_Your instructions_
Drop every picture, then print the rest of the listing exactly as given.

(Dataset extract Opens)

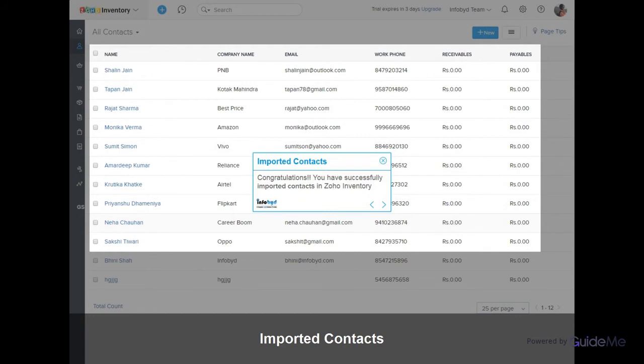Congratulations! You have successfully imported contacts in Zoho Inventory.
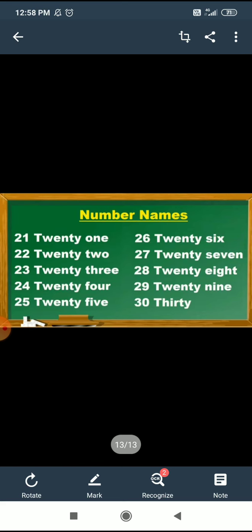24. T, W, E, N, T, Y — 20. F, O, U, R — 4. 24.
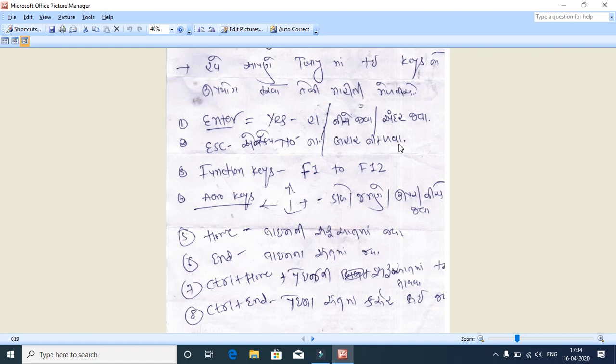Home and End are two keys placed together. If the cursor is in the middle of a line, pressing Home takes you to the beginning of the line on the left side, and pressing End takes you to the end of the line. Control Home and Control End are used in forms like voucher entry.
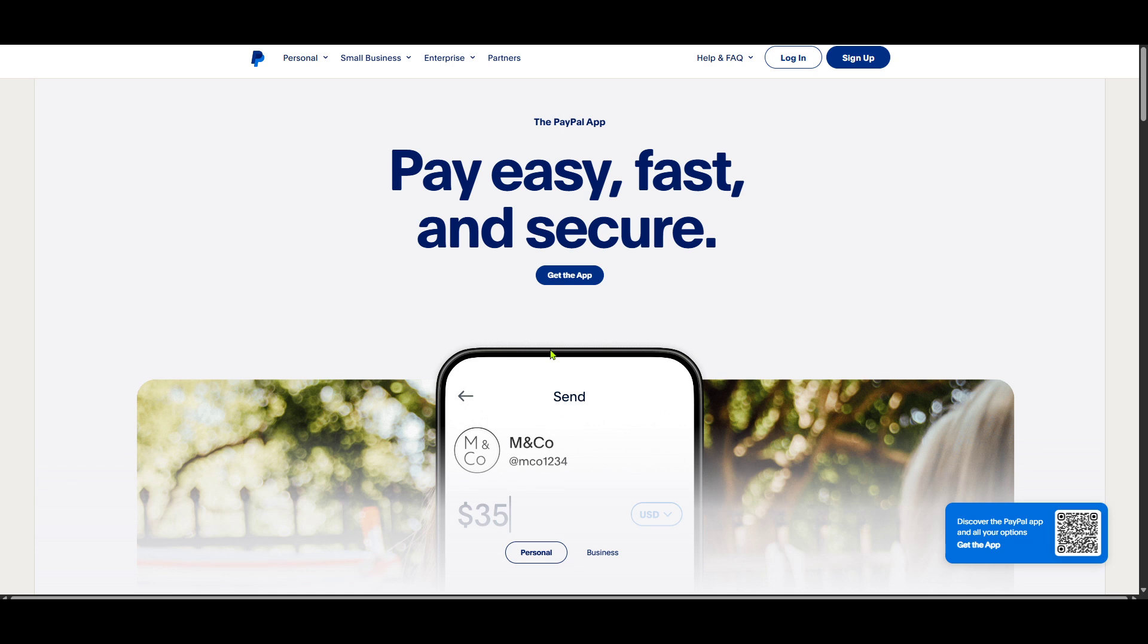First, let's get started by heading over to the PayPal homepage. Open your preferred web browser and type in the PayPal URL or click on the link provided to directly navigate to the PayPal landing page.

(Dataset extract Closes)

_Solved problem_
Congratulations! You have successfully imported contacts in Zoho Inventory.
24. T, W, E, N, T, Y — 20. F, O, U, R — 4. 24.
Home and End are two keys placed together. If the cursor is in the middle of a line, pressing Home takes you to the beginning of the line on the left side, and pressing End takes you to the end of the line. Control Home and Control End are used in forms like voucher entry.
First, let's get started by heading over to the PayPal homepage. Open your preferred web browser and type in the PayPal URL or click on the link provided to directly navigate to the PayPal landing page.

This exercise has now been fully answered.